センターピア サーバールームの良質な環境を提案
 センターピア(東京都中央区)は総合ITプラットフォーム企業として、サーバーラックおよび周辺機器の設計・製造・販売からオフィス環境におけるサーバーラック設置などの提案を行い、IT環境をより良く構築するための商品やソリューションを提供している。
 同社がラインアップしているサーバーラックの中で「DーSERIES」は、組立式のため狭い搬入口でも対応が可能なほか、業界の中でも厳しい耐震基準のNTT人工地震波(1200gal)に合格した。
 「高い耐震性に加え、組立に通常使用される締結部品の強化を施しているため高い強度を実現しております」(代表取締役社長 上野 芳久氏)
 また、同社では免震装置などを展開しているエーエス(東京都墨田区)と提携しており、サーバーラックに最適な「ASTCR免震装置」を取り扱っている。地震などの緊急時の対応策として、サーバーやデータを守る上で同社の耐震ラックとの組み合わせを推奨している。

スガツネ工業 免震機能を低価格で容易に設置することが可能
 スガツネ工業(東京都千代田区)は、産業機器用機構部品・家具建築金物メーカーとして、テクノフィールド系製品およびアーキテリア系製品を展開している。
 同社では、ボルトや受け皿によって免震機能を実現する「免震台脚スウェイフットMDSF型」を平成21年から販売しており、サーバーの転倒や内部基盤の破損などのリスクを低減している。
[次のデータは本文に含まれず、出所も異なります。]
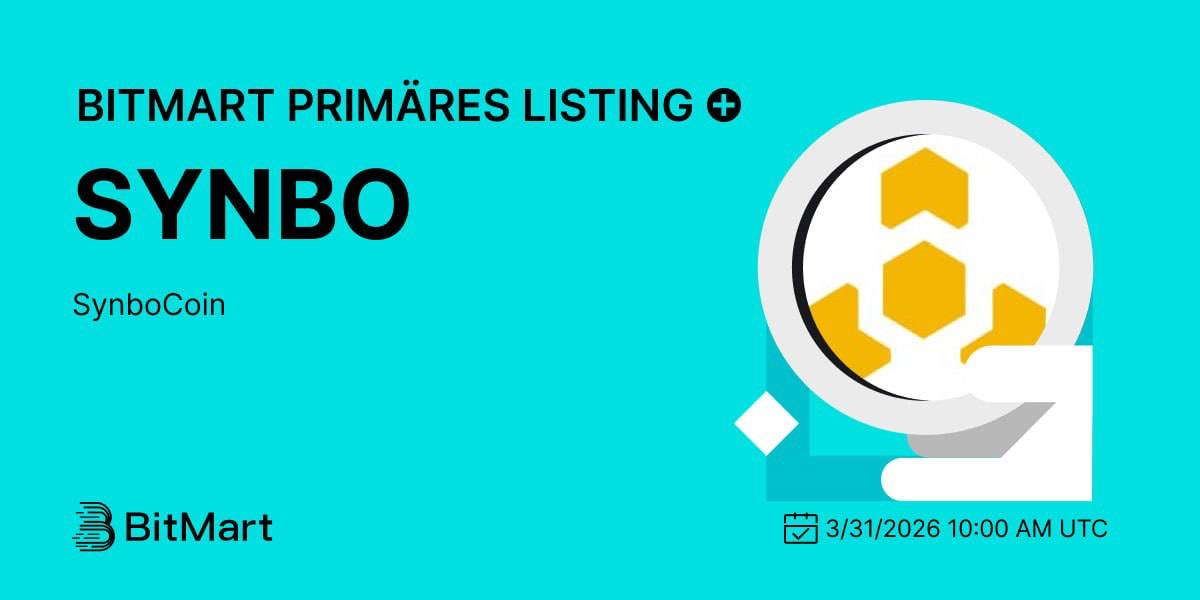 BitMart Deutsch tweet media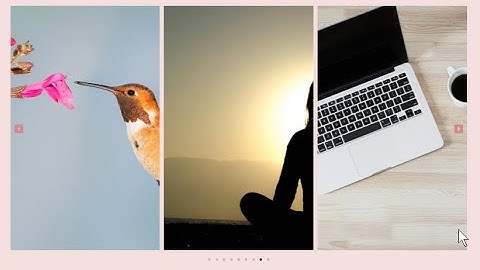 Elementor Justified Image Gallery Carousel: The Easy Way (no plugins needed)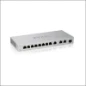  ZYXEL SWITCH WEB 8PX1G+3PXMULTI1PSFP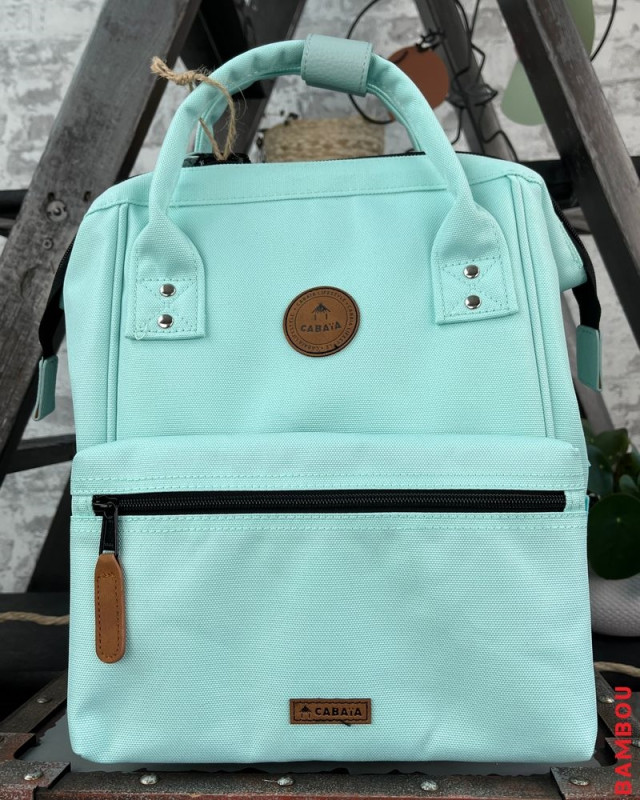 Sac à dos small CABAIA rio de janeiro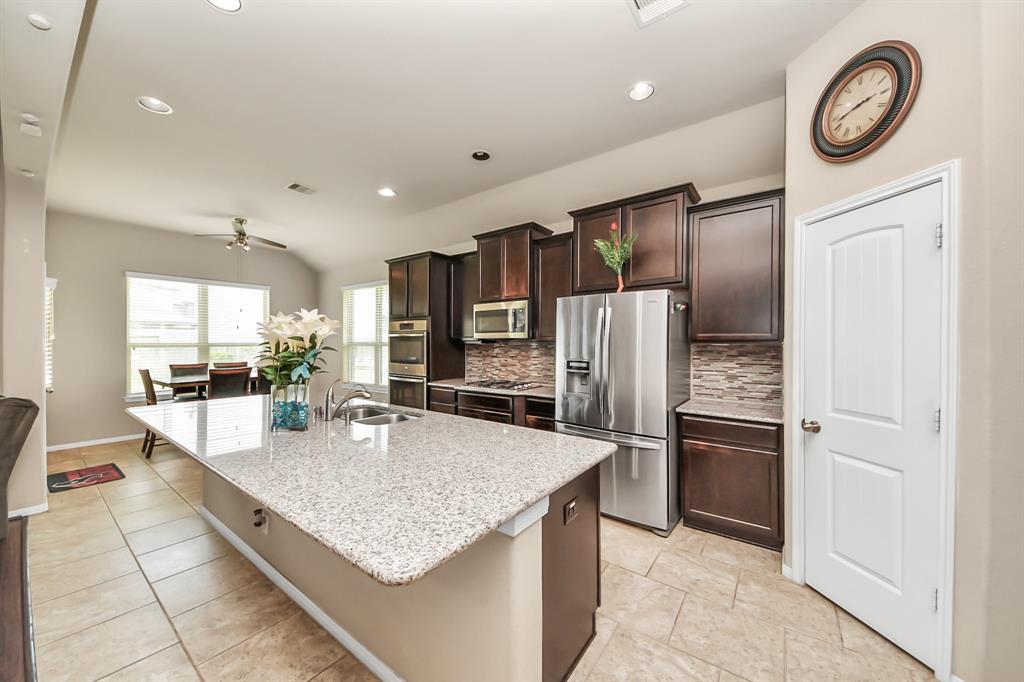13906 Mowbray Court, Richmond, Texas image 12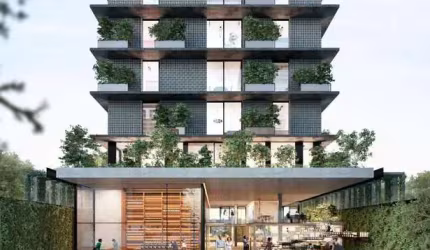 VIVA O NOVO! PROJETO CONCEITUAL NO BAIRRO DE TAMBAÚ, À POUCOS METROS DA PRAIA, APARTAMENTO COM 2 QUARTOS, À PARTIR DE R$ 780 MIL!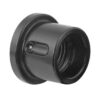 Matice pro rychloupínák FORCE pro osu 15mm - Obrázek 2
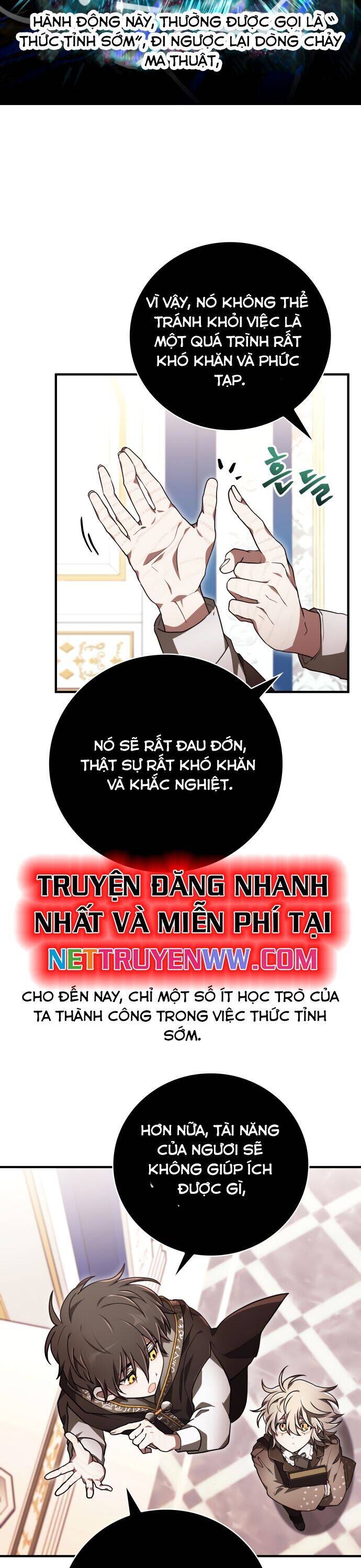 Xin Hãy Đọc Chương 32 Ảnh 25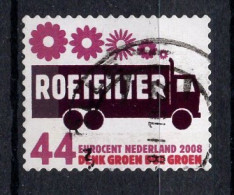 Marke 2008 Gestempelt (h321001) - Used Stamps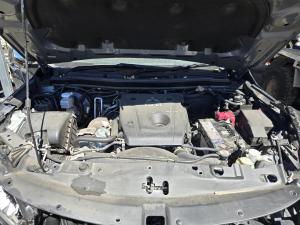 2020 Mitsubishi Pajero Sport QE EXCEED image 5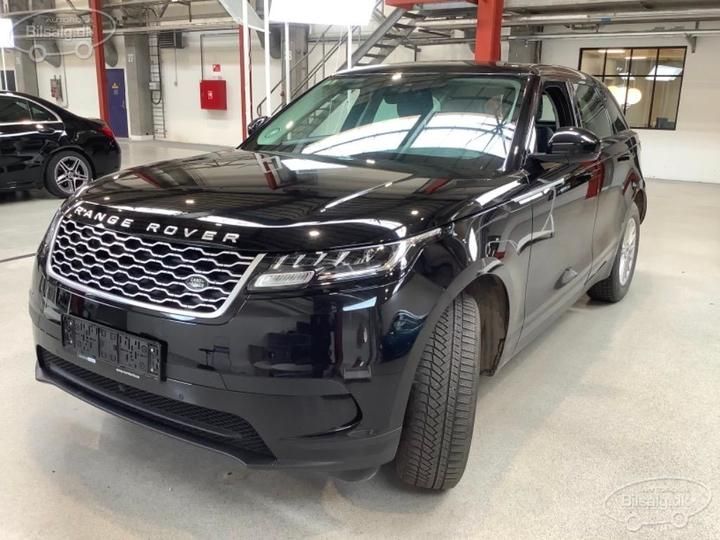 Photo 0 VIN: SALYA2BN7LA261461 - LAND ROVER RANGE ROVER VELAR SUV 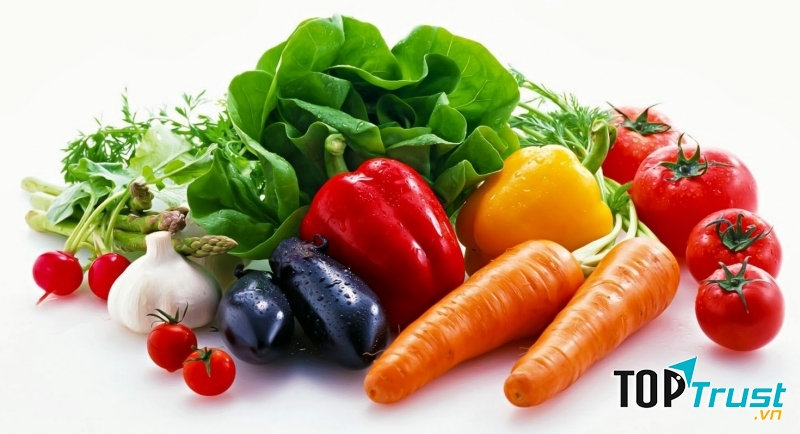 địa điểm mua thực phẩm sạch - an toàn tốt nhất tại TP. Vinh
 「免震構造で貴重なデータを保全することができるため、サーバーラックなどに最適です」(テクノフィールド事業部 東日本地区 販売部 販売助成課 係長 高内 利明氏)
 同製品は、4本セットで16万円(税抜)。従来のアジャスター(M10・M16・M20対応)と同様に容易に設置することができ、装置の移設や機器増設への対応も可能だという。
 また、同社の福岡ショールームがオープンするにあたり、記念展示会を7月13日から7月16日にかけて開催を予定。「免震台脚スウェイフットMDSF型」のデモ機が展示されるので、九州地区に在住の方は実物を見ることができる機会となっている。